В тот год, когда отстроилась консерватория и наша семья переехала туда в новую квартиру, младшие дети – Сережа, Ваня и я – долго оставались у бусеньки в небольшом имении Ильинка под Георгиевском. И тут пришла телеграмма: «Настя больна, выезжайте». Помню все очень резко. И ясное чувство катастрофы (мне шесть лет), и идиотская улыбка, которая точно приклеилась к лицу, – и ничего с ней не поделаешь. Потом вокзал в Москве, темный день, проливной дождь, и молодая мама в трауре бежит нам навстречу и плачет». Первые трагедии пришли в семью Сафоновых со смертью двух дочерей Анастасии и Александры, которые умерли в одну неделю: Настя – от воспаления легких, Саша – от воспаления брюшины. Сестер похоронили в Москве на Ваганьковском кладбище 1898 г.
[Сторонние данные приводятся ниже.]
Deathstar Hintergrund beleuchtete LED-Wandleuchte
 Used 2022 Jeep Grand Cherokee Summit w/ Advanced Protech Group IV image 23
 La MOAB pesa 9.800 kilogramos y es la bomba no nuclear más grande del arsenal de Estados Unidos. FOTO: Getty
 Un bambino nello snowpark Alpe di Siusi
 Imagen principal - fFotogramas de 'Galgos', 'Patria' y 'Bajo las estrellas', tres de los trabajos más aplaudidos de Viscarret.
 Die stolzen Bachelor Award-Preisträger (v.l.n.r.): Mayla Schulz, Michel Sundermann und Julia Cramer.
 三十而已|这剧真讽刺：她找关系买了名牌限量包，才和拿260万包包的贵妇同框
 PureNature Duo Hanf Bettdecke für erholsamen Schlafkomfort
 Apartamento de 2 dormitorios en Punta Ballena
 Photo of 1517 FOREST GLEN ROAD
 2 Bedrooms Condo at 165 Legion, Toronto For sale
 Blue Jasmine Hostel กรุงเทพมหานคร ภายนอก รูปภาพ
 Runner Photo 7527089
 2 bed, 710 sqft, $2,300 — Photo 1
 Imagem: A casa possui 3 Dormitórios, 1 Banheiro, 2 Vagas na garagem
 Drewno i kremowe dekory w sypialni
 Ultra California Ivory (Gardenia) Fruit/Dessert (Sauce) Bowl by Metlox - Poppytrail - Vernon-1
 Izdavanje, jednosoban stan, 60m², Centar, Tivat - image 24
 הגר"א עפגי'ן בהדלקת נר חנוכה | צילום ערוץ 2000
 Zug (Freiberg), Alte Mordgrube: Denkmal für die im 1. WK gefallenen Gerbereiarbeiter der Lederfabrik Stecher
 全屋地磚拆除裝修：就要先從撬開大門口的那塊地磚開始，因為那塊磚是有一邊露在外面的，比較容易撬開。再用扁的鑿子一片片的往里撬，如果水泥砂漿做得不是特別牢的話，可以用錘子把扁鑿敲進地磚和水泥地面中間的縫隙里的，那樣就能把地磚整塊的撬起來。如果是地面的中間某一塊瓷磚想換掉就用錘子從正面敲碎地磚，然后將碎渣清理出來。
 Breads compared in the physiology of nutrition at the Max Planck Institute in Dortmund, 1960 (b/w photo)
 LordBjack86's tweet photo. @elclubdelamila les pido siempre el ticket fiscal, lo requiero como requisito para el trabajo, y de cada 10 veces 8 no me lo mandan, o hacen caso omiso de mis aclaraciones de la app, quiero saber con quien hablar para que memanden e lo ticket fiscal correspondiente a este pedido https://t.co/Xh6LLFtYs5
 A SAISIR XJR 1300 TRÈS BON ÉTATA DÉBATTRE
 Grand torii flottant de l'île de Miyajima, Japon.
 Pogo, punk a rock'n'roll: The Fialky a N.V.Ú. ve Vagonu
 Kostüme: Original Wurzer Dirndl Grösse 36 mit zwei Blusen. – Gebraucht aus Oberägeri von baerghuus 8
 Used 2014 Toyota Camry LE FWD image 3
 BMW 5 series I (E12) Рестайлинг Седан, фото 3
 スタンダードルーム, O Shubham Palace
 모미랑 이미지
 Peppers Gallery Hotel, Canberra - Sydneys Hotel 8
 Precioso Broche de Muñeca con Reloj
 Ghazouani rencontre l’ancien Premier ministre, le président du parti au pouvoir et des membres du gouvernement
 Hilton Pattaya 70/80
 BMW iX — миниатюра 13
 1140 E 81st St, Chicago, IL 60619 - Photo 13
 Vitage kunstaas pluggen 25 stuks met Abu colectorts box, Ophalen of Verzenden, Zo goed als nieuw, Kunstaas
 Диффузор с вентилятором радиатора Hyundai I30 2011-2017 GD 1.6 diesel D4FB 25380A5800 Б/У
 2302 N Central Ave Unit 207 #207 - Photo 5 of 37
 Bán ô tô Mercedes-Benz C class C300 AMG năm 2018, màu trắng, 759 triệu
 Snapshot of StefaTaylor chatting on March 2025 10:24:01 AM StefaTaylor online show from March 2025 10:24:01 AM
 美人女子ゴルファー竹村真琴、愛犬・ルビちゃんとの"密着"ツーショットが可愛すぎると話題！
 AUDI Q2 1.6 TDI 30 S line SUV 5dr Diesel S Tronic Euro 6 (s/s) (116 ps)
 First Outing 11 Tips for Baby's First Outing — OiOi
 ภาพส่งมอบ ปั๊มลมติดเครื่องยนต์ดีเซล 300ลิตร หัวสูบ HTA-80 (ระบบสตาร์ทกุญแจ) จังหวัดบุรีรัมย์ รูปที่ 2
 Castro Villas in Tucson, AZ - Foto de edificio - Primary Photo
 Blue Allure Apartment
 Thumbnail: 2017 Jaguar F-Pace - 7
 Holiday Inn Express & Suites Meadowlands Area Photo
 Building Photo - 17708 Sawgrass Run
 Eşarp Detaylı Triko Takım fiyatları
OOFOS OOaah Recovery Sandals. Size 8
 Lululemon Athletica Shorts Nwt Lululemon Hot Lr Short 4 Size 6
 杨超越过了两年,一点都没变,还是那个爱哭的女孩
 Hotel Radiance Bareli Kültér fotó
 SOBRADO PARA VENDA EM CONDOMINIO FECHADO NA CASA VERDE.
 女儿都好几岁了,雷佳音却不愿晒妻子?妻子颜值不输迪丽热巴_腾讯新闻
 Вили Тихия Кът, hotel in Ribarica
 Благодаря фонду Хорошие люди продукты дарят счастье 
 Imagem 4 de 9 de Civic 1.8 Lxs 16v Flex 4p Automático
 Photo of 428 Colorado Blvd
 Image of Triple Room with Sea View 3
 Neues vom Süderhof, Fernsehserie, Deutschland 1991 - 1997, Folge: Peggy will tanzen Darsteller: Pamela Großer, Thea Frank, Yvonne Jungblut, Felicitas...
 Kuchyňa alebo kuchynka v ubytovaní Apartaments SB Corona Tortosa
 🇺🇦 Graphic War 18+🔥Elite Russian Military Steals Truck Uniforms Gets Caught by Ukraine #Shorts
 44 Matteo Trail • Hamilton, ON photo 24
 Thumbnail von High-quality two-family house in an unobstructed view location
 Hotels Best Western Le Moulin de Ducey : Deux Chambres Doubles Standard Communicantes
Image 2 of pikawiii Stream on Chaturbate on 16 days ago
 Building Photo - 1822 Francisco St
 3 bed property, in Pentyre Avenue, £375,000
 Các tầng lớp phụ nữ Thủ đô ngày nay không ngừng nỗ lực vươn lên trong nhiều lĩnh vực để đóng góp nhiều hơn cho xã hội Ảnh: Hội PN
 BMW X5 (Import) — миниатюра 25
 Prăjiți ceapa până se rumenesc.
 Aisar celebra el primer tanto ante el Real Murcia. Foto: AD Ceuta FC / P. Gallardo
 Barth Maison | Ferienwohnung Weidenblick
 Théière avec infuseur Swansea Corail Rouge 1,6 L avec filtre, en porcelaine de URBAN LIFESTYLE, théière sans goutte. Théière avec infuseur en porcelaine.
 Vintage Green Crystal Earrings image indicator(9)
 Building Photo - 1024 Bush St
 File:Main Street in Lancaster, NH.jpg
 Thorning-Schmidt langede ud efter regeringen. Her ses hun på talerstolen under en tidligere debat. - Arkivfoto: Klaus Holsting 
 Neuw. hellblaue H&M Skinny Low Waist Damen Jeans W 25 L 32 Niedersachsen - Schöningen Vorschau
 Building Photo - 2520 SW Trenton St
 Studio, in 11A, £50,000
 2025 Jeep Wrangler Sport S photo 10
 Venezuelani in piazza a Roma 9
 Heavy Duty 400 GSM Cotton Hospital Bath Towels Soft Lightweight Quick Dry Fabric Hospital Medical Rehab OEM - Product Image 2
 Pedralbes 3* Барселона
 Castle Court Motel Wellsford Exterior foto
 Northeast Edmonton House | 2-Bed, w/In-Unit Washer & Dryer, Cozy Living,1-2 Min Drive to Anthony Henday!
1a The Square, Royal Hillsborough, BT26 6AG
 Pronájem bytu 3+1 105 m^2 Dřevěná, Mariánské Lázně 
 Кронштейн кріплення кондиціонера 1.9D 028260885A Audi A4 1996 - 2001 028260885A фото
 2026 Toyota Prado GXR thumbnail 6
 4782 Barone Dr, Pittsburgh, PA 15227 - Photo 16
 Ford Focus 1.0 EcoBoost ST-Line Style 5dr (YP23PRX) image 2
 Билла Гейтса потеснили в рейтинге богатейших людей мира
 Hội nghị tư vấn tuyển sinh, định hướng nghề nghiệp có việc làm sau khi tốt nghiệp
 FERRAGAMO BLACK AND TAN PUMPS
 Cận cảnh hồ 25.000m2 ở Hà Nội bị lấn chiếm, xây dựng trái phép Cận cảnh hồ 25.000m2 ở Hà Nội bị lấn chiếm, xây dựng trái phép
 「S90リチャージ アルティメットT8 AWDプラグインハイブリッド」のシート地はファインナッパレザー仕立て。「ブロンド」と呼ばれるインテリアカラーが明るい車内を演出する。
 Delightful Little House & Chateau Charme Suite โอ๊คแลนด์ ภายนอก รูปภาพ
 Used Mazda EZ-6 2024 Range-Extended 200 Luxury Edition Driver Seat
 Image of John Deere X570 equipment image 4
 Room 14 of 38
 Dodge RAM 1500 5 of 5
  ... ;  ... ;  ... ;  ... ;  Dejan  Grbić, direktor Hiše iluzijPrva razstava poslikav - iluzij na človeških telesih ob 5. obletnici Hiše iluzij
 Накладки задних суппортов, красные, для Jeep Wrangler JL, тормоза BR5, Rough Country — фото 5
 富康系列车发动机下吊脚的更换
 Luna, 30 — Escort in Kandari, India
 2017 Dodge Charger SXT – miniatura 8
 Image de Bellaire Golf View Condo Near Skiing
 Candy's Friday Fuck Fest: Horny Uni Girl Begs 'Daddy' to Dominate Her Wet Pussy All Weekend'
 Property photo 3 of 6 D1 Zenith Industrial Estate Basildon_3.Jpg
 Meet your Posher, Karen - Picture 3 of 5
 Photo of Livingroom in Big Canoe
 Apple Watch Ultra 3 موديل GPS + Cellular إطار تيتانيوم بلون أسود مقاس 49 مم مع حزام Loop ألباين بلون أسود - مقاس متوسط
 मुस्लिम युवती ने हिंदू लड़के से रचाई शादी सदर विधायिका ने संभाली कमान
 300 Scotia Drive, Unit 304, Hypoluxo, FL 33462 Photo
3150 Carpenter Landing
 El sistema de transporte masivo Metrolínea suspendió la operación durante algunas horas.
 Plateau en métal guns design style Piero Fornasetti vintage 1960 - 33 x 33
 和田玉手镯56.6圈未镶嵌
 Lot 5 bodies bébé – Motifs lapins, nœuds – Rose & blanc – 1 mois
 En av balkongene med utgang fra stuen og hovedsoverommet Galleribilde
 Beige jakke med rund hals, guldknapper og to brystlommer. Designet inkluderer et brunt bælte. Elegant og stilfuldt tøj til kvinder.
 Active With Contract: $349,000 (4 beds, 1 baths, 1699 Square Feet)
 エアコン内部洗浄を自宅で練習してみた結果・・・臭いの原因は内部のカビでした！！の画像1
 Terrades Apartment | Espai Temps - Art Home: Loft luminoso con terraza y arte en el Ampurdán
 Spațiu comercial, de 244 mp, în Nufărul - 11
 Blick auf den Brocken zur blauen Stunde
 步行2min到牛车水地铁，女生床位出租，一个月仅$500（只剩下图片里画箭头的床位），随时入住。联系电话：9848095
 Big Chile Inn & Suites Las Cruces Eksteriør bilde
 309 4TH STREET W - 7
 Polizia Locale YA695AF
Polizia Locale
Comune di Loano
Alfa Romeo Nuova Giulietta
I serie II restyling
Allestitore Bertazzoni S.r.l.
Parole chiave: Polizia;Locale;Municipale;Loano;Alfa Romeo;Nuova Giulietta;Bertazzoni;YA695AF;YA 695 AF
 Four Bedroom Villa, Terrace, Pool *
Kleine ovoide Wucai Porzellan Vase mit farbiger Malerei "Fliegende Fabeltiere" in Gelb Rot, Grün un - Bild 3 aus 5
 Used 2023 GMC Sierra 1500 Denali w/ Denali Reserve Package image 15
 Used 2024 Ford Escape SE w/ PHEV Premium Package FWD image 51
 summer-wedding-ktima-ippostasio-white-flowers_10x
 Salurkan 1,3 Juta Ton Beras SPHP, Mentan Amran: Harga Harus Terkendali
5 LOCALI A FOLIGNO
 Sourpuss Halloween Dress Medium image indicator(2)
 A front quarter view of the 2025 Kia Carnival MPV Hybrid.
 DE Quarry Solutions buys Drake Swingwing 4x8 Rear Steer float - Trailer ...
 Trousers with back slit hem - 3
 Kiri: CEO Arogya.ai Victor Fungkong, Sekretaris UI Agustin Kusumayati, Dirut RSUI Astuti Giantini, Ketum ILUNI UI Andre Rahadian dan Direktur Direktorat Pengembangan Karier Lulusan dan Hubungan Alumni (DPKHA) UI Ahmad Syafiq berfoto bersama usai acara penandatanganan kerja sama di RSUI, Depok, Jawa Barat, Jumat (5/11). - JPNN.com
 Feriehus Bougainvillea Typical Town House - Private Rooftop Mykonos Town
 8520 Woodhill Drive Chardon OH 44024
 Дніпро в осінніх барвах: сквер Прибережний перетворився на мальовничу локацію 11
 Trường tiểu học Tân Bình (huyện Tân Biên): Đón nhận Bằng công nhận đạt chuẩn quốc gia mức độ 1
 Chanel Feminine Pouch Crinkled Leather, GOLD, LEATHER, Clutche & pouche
Анна Васильевна: «Повезли нас не домой, а в гостиницу «Дрезден». На этом месте сейчас ресторан «Арагви». А тогда это было мрачное темно-серое здание, с темными коридорами, с темными обоями. Всем не до тебя, и страх, и тоска, и полная растерянность. Сестер еще не похоронили, брата Илюшу отправили к Ипполитову-Иванову, папиному другу; мама только навещала нас. Не знаю, кто был тот добрый человек, который подарил мне игрушку: Ноев ковчег со всеми животными по паре – все деревянное. Это был единственный светлый момент за все это беспросветное время.
А тут Илюша заболел воспалением уха, и глупая наша гувернантка сразу об этом брякнула маме – помню, как мама упала головой на стол и ее рыдания: «Как? И этот?» Страшные были дни. Долгое время потом я не могла проходить мимо «Дрездена» без сердечного содрогания.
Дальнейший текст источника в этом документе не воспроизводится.